#### Task to carry out
Please return, with no alterations, the lines below from the very first through the one that contains "5 Free Harry Potter Style Fonts Harry P Font".

#### Short descriptive text snippets
___
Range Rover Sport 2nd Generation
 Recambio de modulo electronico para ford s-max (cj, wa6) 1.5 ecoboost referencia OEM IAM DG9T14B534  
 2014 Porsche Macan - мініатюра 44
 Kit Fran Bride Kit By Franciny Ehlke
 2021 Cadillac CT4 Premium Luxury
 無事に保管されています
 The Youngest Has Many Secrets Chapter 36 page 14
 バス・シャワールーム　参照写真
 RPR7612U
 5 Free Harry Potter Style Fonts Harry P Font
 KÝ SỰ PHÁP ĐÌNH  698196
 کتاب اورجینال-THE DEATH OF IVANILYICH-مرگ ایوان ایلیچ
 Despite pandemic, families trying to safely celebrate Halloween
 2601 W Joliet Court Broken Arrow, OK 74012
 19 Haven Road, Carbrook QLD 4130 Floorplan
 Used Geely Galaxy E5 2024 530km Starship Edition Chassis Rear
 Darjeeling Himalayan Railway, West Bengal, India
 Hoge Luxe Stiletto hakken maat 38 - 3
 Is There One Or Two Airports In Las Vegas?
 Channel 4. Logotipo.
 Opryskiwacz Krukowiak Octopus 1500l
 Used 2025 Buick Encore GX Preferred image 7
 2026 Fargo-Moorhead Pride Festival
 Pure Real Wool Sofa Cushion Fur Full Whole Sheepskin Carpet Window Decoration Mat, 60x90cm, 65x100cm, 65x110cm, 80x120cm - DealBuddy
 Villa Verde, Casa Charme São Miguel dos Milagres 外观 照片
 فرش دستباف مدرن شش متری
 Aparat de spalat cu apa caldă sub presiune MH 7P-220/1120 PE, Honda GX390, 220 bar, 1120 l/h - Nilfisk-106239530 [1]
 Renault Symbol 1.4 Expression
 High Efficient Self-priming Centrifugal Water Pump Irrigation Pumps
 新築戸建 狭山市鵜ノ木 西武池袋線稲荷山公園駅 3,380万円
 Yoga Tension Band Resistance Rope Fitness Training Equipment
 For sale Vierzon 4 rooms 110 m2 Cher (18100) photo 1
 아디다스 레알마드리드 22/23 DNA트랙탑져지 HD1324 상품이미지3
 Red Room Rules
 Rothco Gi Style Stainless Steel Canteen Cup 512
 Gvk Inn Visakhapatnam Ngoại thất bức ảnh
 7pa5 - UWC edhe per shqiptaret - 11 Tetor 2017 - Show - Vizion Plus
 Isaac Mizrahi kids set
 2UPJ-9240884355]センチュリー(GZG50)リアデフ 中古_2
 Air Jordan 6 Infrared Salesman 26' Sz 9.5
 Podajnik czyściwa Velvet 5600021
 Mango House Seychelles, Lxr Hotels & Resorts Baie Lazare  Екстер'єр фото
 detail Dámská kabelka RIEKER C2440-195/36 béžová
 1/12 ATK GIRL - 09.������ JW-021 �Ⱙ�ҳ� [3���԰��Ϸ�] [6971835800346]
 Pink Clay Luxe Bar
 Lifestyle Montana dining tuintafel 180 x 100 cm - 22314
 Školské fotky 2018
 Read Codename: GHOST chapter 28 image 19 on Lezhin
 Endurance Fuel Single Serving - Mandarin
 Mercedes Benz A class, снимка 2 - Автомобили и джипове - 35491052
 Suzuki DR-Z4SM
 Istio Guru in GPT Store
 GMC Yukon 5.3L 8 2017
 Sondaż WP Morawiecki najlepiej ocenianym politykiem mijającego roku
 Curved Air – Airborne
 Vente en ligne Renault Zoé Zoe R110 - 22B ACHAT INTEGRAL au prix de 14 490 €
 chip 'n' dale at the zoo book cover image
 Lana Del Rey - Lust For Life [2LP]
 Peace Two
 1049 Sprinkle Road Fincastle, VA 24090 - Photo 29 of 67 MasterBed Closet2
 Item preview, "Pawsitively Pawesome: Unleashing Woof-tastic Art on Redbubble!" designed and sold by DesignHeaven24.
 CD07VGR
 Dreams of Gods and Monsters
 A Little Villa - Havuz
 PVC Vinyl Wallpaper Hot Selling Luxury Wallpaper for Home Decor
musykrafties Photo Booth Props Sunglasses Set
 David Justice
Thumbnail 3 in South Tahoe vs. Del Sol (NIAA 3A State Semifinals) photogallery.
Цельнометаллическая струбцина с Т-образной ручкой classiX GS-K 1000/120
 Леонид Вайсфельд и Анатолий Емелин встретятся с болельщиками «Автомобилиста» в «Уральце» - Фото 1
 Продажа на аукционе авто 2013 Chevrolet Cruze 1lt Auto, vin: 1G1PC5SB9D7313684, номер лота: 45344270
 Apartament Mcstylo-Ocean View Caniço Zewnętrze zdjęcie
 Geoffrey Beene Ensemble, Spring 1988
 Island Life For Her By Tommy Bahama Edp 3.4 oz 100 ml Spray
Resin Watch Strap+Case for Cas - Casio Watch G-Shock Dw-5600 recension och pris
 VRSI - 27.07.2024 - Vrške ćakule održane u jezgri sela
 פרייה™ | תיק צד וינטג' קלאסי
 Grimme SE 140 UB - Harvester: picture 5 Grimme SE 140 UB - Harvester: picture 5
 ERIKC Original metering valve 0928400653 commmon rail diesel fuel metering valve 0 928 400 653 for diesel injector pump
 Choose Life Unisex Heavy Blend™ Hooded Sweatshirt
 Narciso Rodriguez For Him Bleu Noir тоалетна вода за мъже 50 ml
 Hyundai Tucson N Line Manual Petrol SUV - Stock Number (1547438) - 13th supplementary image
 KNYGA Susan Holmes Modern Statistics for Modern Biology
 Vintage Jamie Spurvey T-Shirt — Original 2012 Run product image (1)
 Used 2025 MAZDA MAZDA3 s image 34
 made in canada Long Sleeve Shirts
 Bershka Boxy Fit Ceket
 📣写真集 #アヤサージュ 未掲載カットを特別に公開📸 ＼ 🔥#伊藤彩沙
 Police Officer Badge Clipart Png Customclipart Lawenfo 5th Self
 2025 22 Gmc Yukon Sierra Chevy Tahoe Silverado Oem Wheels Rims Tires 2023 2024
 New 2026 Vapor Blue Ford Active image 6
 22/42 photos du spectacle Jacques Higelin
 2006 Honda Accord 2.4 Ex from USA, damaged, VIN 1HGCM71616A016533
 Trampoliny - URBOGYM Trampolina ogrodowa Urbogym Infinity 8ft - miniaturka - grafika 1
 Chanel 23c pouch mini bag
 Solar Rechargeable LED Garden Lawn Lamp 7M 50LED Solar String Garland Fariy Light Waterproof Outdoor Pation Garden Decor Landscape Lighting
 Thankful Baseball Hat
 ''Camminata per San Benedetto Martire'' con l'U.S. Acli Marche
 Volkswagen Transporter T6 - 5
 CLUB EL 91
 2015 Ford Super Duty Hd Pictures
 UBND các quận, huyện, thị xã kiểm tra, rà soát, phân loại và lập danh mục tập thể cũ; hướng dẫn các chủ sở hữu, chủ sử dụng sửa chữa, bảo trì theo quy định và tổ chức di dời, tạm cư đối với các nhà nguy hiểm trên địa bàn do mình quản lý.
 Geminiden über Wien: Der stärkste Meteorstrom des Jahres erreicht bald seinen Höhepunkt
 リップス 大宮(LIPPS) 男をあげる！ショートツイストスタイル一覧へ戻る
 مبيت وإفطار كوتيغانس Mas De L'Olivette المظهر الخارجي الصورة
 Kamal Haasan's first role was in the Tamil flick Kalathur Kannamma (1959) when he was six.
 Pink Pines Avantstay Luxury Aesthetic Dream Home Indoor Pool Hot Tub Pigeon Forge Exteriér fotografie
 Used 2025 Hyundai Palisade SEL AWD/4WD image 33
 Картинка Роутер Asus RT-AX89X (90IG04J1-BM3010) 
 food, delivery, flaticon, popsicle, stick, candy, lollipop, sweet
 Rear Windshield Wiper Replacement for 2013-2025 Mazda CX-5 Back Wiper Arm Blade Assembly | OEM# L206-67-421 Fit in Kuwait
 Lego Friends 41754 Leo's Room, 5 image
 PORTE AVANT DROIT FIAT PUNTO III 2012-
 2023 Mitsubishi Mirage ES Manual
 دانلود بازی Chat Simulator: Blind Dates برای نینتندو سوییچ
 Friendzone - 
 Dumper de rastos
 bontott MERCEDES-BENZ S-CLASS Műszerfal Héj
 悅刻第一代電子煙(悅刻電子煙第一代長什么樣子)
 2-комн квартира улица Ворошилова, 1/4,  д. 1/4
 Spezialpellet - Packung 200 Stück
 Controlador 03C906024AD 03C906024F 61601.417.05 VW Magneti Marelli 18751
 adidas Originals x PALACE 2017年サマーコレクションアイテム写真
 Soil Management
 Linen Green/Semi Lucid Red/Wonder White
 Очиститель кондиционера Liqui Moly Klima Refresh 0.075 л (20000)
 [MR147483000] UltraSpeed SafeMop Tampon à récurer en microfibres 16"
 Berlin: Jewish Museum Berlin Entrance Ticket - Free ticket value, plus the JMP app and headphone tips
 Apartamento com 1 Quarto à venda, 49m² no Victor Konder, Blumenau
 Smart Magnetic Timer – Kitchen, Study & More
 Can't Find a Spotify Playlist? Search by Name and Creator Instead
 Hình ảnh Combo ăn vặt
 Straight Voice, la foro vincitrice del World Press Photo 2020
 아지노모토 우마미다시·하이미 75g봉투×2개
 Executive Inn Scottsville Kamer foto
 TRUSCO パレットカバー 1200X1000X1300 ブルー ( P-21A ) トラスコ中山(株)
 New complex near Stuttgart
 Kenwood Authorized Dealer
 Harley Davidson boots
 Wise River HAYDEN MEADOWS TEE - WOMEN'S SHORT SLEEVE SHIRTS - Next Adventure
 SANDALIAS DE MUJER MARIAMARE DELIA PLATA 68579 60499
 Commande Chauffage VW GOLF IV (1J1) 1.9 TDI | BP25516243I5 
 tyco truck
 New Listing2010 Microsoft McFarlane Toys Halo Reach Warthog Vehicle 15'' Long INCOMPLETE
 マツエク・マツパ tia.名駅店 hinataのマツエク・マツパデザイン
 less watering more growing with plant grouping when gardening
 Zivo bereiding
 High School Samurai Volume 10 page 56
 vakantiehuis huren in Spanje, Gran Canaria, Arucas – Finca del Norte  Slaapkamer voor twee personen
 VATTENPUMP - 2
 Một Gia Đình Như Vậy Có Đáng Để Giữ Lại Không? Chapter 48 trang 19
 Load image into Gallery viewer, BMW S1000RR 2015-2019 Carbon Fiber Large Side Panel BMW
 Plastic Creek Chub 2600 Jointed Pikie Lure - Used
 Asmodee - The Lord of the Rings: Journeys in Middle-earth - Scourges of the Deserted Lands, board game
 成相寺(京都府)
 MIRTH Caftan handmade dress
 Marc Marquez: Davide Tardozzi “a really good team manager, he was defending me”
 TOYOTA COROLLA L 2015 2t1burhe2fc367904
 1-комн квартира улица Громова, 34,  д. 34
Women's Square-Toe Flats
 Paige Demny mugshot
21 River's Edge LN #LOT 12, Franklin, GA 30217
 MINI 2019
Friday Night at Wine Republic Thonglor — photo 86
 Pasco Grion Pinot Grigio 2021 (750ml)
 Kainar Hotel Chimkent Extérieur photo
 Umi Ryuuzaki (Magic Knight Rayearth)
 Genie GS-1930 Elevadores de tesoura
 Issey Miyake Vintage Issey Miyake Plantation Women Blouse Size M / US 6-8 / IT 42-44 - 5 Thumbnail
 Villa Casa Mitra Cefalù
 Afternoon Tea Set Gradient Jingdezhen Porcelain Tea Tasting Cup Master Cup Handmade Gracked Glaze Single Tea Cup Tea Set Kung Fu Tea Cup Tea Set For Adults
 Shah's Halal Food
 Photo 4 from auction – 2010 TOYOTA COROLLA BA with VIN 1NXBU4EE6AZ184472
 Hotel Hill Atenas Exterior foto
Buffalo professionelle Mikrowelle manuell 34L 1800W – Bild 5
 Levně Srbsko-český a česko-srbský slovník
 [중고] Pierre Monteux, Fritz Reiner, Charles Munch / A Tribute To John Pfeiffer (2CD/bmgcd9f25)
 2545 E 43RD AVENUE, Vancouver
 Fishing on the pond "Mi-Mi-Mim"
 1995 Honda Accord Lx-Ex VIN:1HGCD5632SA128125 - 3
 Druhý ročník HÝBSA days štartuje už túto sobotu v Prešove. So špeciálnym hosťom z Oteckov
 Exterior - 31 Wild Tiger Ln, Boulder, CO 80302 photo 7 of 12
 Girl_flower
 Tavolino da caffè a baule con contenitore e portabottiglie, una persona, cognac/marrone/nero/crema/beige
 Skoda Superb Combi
___
#### Response to this exercise
Range Rover Sport 2nd Generation
 Recambio de modulo electronico para ford s-max (cj, wa6) 1.5 ecoboost referencia OEM IAM DG9T14B534  
 2014 Porsche Macan - мініатюра 44
 Kit Fran Bride Kit By Franciny Ehlke
 2021 Cadillac CT4 Premium Luxury
 無事に保管されています
 The Youngest Has Many Secrets Chapter 36 page 14
 バス・シャワールーム　参照写真
 RPR7612U
 5 Free Harry Potter Style Fonts Harry P Font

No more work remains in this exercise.